__RECORDED INFORMATION__
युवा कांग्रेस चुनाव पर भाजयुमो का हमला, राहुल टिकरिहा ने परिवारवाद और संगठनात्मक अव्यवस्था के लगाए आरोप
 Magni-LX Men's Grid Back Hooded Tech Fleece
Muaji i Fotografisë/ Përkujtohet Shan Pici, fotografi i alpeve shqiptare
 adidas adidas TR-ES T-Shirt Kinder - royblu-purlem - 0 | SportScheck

__TO DO__
Leaving out all lines before the one containing "Muaji i Fotografisë/", copy that line and the rest through the end of the listing above exactly.

__COMPLETED TASK__
Muaji i Fotografisë/ Përkujtohet Shan Pici, fotografi i alpeve shqiptare
 adidas adidas TR-ES T-Shirt Kinder - royblu-purlem - 0 | SportScheck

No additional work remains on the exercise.